For Immediate Release
January 22, 2000
SOA Watch ~ PO Box 4566 ~ Washington DC 20017 ~ 202-234-3440
Contact: Carol Richardson, SOA Watch, (202) 234-3440

US Army School of the Americas Grad Arrested
for Murder of Guatemalan Bishop


WASHINGTON, DC– SOA-trained Guatemalan Col. Byron Disrael Lima Estrada was arrested, along with his son, January 21 for the 1998 murder of Roman Catholic Bishop Juan Gerardi. According to a declassified US Defense Intelligence Agency biographic sketch, Lima Estrada took Military Police training at the US Army School of the Americas (SOA) now located at Ft. Benning, GA. Lima Estrada went on to head the infamous D-2 (G-2) Military Intelligence agency at the height of the genocide campaign in Guatemala's civil war.

Bishop Gerardi was bludgeoned to death in his home two days after he released a human rights report that implicated the D-2 in human rights atrocities committed during the war. The report, "Guatemala: Never Again," based on thousands of testimonies collected by the archbishop's office, provided a chilling catalog of the mechanisms of violence. In a chapter titled "D-2: The Very Name of Fear," the report severely criticizes the military intelligence agency headed by Lima Estrada from 1983-85. It cited the D-2 for playing a "central role in the conduct of military operations, in massacres, extra-judicial executions, forced disappearances and torture."

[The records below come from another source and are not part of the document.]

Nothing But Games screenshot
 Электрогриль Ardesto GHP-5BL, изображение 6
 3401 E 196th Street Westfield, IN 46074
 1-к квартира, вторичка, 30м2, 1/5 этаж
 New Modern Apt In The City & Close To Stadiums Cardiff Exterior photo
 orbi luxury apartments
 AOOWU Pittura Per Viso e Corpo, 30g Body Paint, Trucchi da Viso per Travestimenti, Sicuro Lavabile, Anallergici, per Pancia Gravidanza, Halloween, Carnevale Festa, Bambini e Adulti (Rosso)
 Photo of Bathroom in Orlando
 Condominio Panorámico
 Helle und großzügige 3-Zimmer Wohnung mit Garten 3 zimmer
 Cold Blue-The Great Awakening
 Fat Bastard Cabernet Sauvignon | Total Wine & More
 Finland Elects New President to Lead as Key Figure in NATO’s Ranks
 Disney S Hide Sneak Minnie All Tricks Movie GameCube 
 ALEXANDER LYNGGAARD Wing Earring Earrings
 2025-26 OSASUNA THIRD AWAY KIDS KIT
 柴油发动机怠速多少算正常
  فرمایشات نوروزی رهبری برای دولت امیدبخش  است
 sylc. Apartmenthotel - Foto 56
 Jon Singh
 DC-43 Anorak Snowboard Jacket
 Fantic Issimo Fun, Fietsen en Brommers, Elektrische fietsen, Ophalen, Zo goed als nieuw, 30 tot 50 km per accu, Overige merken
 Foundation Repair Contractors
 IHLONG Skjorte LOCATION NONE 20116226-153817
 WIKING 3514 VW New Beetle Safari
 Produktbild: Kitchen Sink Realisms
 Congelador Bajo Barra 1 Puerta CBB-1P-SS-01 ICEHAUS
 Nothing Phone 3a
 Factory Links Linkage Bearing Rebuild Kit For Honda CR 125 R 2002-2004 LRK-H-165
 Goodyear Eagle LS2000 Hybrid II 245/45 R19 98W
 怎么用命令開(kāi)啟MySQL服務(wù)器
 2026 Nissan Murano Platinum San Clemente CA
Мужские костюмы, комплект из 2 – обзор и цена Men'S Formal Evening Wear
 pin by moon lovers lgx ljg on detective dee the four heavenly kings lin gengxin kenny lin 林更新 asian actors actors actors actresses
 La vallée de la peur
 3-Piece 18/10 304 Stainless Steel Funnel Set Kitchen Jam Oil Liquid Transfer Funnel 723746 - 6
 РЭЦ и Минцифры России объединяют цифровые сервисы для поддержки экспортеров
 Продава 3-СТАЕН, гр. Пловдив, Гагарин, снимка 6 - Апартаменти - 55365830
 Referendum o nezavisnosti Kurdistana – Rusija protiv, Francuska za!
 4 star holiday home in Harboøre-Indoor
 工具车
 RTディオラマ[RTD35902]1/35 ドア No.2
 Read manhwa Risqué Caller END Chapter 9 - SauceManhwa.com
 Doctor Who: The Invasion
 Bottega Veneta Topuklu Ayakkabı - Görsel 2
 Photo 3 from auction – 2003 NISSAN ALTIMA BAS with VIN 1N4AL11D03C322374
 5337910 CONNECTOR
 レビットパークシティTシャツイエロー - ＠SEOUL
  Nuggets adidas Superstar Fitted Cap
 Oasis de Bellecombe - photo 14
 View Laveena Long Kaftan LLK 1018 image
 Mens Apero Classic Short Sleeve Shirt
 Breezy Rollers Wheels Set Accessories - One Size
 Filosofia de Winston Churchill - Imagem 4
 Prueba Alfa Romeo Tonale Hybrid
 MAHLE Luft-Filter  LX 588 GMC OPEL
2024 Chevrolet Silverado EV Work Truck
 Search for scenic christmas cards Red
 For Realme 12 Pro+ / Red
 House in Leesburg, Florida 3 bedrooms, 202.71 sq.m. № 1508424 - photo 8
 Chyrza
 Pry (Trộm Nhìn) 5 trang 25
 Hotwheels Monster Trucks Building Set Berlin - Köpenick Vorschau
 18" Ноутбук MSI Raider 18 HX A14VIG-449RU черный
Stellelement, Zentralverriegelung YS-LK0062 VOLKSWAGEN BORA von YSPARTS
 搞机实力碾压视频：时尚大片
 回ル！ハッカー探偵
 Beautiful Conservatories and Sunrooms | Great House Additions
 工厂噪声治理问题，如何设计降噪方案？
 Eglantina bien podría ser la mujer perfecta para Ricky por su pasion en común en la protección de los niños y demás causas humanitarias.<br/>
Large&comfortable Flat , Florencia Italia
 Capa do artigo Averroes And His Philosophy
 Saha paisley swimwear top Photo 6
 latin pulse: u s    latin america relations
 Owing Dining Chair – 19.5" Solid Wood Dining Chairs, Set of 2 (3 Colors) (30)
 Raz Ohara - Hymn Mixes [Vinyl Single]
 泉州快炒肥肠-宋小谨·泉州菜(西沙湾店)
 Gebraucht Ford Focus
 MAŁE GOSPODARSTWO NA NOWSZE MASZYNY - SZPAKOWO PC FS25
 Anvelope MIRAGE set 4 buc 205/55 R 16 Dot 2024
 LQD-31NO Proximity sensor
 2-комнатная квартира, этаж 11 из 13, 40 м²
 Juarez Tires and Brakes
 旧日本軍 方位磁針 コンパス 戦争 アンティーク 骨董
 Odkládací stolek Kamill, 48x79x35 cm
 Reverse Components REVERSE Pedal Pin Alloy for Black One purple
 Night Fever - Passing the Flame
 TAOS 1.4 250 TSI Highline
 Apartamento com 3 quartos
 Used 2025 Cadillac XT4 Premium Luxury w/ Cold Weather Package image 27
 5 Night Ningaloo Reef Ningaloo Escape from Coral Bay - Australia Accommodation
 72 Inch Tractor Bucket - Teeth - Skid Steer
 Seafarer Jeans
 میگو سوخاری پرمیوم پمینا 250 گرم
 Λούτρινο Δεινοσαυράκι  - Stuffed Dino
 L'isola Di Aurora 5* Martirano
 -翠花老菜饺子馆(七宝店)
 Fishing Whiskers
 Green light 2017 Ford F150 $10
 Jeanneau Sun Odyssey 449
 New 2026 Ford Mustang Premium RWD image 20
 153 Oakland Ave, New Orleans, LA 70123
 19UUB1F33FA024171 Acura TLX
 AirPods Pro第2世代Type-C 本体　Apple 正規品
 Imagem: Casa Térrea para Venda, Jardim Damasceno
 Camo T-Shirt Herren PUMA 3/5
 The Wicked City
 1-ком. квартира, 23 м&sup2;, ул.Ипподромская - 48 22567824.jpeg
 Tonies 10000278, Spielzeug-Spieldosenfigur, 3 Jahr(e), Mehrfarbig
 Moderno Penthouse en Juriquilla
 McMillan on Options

The arrest of Lima Estrada will add to the mounting evidence against the US Army School of the Americas. The SOA has come under increasing criticism by groups in the United States and Latin America who cite numerous human rights and US State Department reports that link SOA graduates to atrocities in Latin America. The 78,000-member Leadership Conference of Catholic nuns and the 13-million member AFL-CIO are two of the spectrum of organizations that have called for the closing of the infamous US Army school. In commemoration of another SOA-linked assassination in El Salvador, over 10,000 human rights activists gathered to protest the Ft. Benning combat training school last November. Twenty-three now face six-month prison sentences for their nonviolent protest.

In July 1999 the US Congress voted 230-197 to cut funds to the SOA. The measure failed in the conference committee, but another vote is expected this year. Rep. Joseph Moakley (MA) and Sen. Richard Durbin (IL) have introduced companion bills calling for the SOA's closing. The arrest in Guatemala will bolster their efforts and counter Pentagon and Congressional supporters who argue that SOA atrocities are a thing of the past.